Z tego powodu zaległości inwestycyjne przekroczyły już 54 mld zł.
Około 40 mld zł potrzeba na remonty torów i obiektów inżynieryjnych, 8 mld zł na wymianę lub wprowadzenie urządzeń automatyki i telekomunikacji, a 3 mld zł na kolejową energetykę.
- Tak olbrzymie zaległości wywołują efekt drastycznie krótkiej kołdry. Co roku musimy dokonywać trudnych wyborów - mówi Alina Giedryś, członek zarządu, dyrektor ds. projektów unijnych PKP PLK.
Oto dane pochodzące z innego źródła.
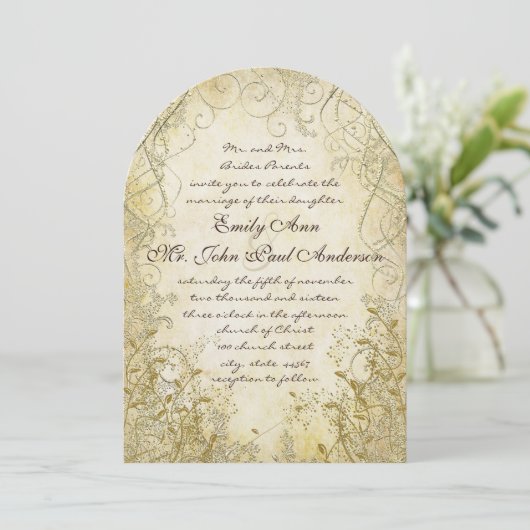 Gold Swirl Gold Metallic Wedding Invitations (Debout devant)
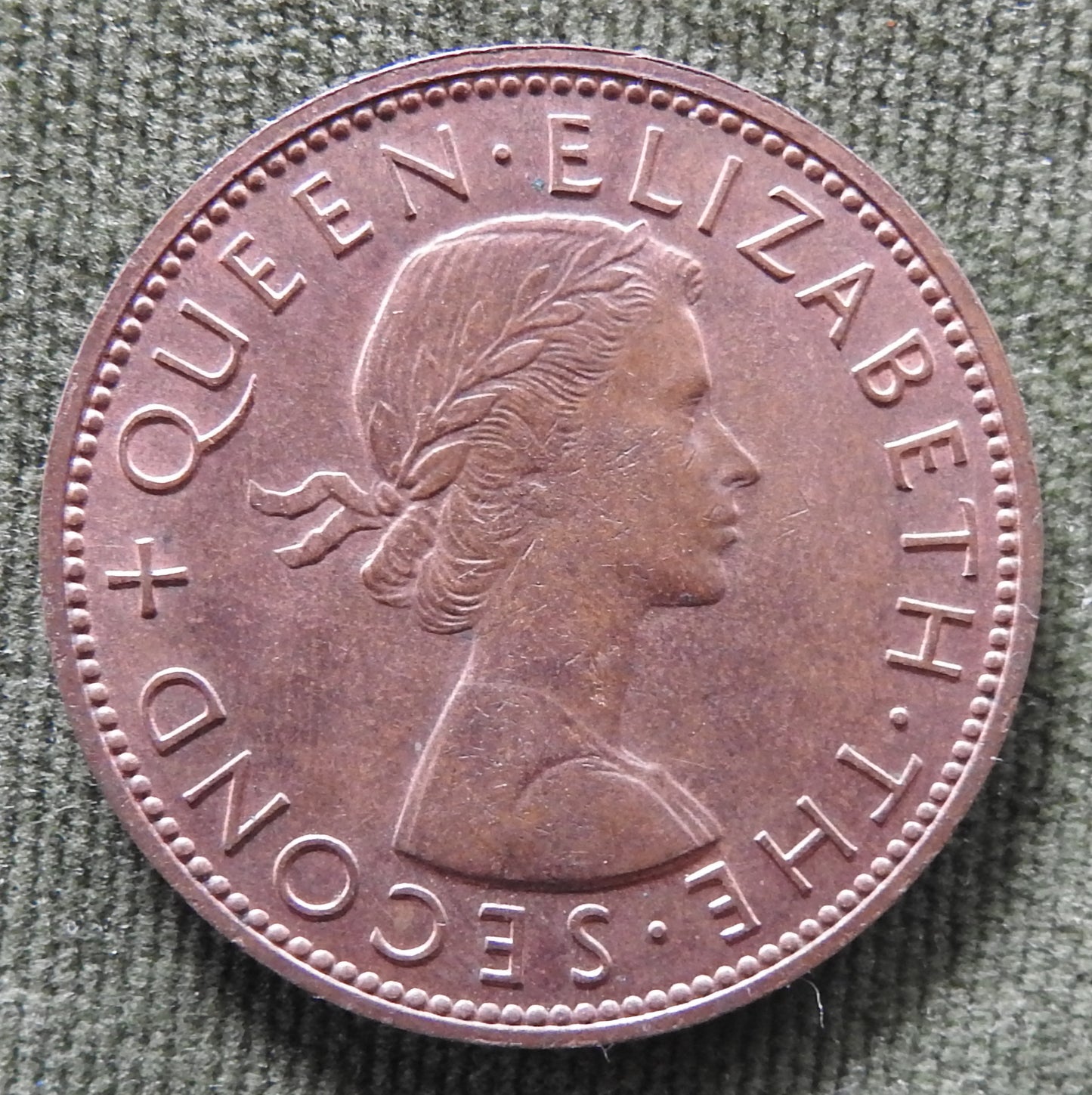 New Zealand 1957 Penny Queen Elizabeth II Coin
- Niewystarczające środki kierujemy na linie o największym znaczeniu, zaś na pozostałych remonty odkładane są z roku na rok. Pośrednim skutkiem braku środków jest przymusowe zmniejszanie dopuszczalnej prędkości pociągów. Dziś pogorszenie parametrów w stosunku do zaprojektowanych możliwości objęło 7,5 tys. km odcinków torów. Zaledwie na piątej długości torów pociągi osobowe mogą jeździć z prędkością powyżej 120 km/h (towarowe o połowę wolniej), natomiast na 42 proc. - do 80 km/h.
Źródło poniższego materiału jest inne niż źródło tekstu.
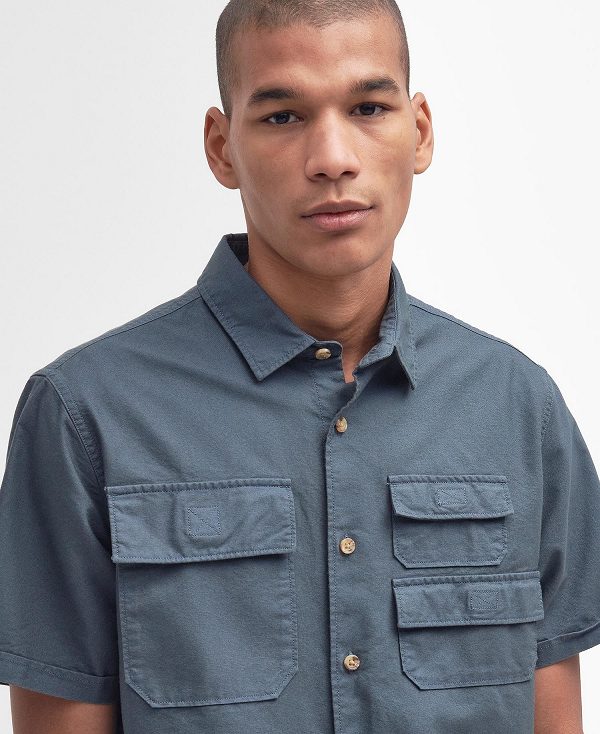 Barbour Catterick Short-sleeved Oxford Shirt Blå | BABO87777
To tylko teoria. Przy uwzględnieniu czasu na wytracanie prędkości, postoje na dworcach i mijankach, kilka tysięcy starych zwrotnic i rozjazdów itp., średnia prędkość handlowa pociągów towarowych w Polsce nie przekracza 24 km/h. Jest więc dwu-, trzykrotnie mniejsza niż w krajach zachodnich. Tracą przewoźnicy, bo do przewiezienia tej samej masy towarowej muszą albo zapewnić większą liczbę wagonów, albo koszty te pokrywają ich klienci.
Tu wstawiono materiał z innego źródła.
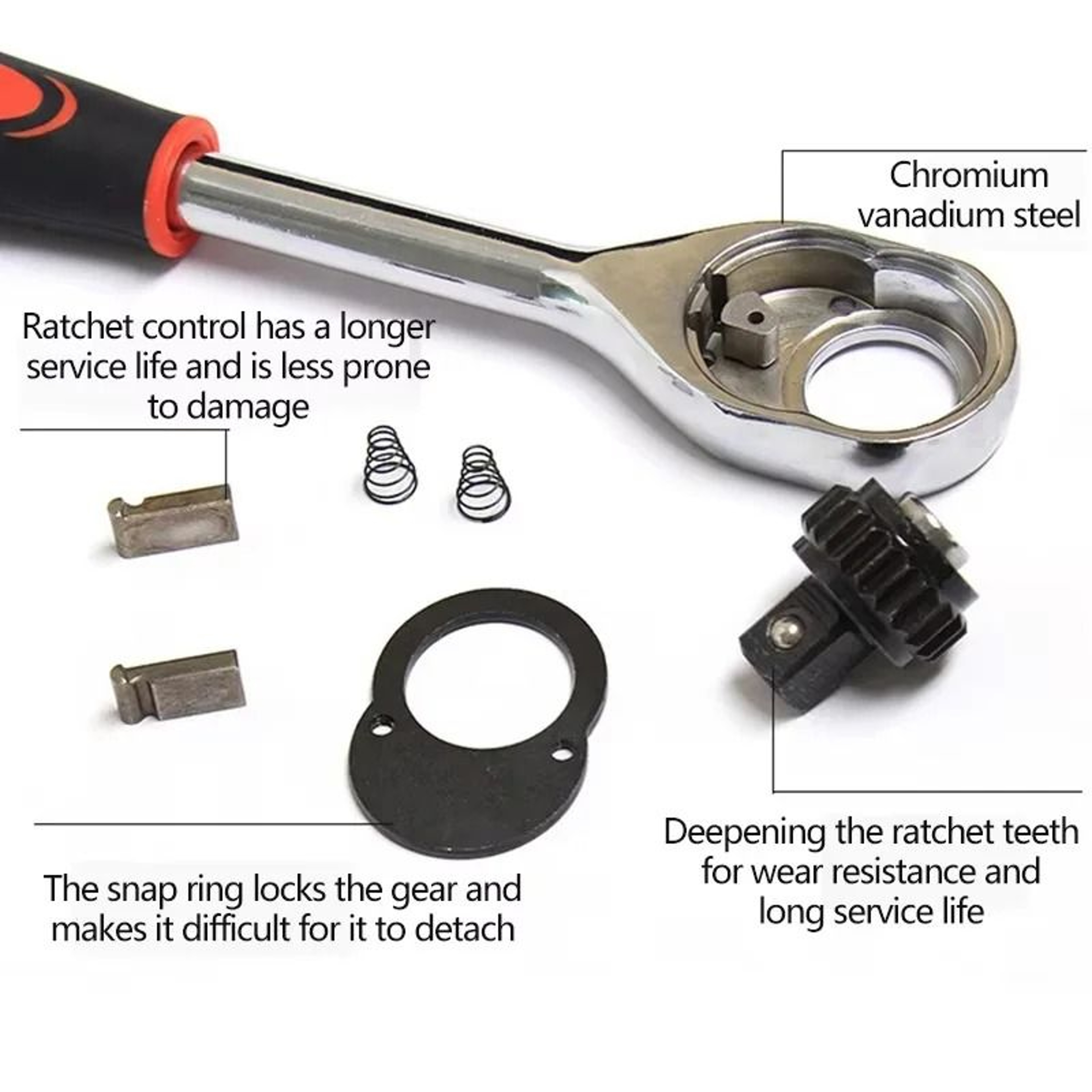 46 Piece Socket Ratchet Wrench Set For Car And Motorcycle Repair 5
Spośród prawie 30 tys. wiaduktów i mostów ponad połowa przekroczyła 90 lat. W ub.r. na pilny remont czekało ponad 2 tys. z nich, a koszt robót PLK wyliczyły na blisko 2 mld zł. Spółka dysponowała jednak na ten cel... 32 mln zł. Zaległości modernizacji trakcji elektrycznej są tak wielkie, że przy stumilionowych rocznych nakładach wymiana potrwałaby 40 lat.
- Przy tym tempie robót najdłużej przyjdzie nam czekać na wymianę zwrotnic i sygnalizatorów, bo jakieś 200 lat - ocenia Adrian Furgalski, dyrektor ZDG TOR.
Zarząd PLK uważa więc, że już dawno nastał czas, aby odpowiedzieć na dwa zasadnicze pytania: jakiej sieci kolejowej chcemy oraz na jaką sieć nas stać. Przy obecnym systemie finansowania, PLK może utrzymać zaledwie 4300 km linii, czyli 22 proc.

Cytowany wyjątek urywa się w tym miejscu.